Selama 24 tahun lebih aku hidup baru selama 3 hari kemarin aku melihat Toilet umum tanpa pintu. Dan orang-orang sini cuek saja menggunakan Toilet tersebut tanpa ada perasaan risih sedikit pun. Bahkan di salah satu restaurant mewah, toiletnya benar-benar tanpa sekat sedikit pun.

Dan karena banyak yang bilang, “pergi ke Mongol tidak menginap di rumah tenda, sama saja belum pernah pergi.” Maka malam pertama aku menginap di rumah tenda. Rumah tenda seperti ini masih banyak di dapati di pedalaman Mongolia. Kurang lebih 4 jam dari kota terdekat. Pemandangan padang rumput dan taburan bintang di langit malamnya juga sangat indah.

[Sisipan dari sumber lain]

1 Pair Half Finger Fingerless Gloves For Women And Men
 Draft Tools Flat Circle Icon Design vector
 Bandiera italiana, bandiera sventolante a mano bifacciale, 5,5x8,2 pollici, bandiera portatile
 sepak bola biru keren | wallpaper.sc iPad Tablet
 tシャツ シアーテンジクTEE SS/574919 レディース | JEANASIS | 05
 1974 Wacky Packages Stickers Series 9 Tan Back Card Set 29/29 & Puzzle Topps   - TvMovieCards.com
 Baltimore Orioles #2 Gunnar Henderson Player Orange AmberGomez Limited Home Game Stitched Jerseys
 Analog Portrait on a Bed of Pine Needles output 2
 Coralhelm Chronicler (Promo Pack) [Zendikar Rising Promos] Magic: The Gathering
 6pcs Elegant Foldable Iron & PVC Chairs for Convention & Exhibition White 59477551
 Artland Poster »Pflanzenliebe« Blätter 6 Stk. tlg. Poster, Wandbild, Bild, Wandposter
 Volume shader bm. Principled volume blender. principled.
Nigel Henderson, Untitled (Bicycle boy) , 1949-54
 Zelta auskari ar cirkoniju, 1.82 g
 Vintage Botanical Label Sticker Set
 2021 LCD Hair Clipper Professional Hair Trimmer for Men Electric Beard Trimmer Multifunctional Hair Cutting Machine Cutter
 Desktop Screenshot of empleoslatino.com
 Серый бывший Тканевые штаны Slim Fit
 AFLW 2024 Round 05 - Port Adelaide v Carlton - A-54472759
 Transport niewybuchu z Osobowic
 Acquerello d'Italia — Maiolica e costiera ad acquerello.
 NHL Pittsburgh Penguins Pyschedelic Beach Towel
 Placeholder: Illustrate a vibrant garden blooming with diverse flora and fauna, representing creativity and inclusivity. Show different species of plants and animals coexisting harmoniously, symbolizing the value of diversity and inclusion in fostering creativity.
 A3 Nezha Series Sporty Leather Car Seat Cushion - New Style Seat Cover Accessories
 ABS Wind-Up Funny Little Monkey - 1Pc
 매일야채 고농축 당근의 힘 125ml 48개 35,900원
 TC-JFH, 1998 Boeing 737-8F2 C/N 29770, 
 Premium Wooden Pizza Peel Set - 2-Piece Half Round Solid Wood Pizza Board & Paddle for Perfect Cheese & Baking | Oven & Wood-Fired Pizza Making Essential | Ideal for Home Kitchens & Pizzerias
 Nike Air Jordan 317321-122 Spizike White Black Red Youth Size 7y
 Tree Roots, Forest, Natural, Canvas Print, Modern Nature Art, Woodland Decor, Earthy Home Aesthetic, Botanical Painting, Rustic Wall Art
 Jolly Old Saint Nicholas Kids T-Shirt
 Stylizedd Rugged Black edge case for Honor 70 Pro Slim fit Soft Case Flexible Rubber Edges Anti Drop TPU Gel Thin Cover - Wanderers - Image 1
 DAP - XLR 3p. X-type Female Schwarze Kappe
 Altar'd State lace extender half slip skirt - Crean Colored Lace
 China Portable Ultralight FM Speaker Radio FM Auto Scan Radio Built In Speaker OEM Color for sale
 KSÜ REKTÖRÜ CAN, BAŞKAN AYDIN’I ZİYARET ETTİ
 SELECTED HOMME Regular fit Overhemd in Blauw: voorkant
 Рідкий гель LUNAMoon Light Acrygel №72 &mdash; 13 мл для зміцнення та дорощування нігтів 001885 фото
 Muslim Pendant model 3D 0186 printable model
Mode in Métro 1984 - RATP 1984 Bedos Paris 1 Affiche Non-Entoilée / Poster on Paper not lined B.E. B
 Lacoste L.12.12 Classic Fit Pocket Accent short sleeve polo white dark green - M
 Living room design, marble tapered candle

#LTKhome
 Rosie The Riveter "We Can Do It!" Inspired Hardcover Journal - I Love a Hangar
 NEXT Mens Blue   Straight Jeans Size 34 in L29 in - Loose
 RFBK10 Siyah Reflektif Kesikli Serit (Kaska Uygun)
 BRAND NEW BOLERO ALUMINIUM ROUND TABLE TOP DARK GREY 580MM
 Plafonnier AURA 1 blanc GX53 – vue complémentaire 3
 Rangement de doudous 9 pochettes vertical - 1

Karena pemandangan ini yang di jual, maka saat menjelang malam disini sangat minim listrik. Cahaya listrik yang ada hanya dari tenda ke tenda. Itu pun kalau tenda tersebut ada yang menginap atau penggunanya tidak mematikan lampu. Saking gelapnya dan semua tenda di bikin hampir sama persis, sampai-sampai aku 2 kali tersesat ketika pergi ke toilet.

Tapi semua pengalaman selama 3 hari itu benar-benar tidak akan terlupakan. Sampai saat aku menulis ini pun, sakit pinggang karena belasan jam duduk di Bus masih aku rasakan.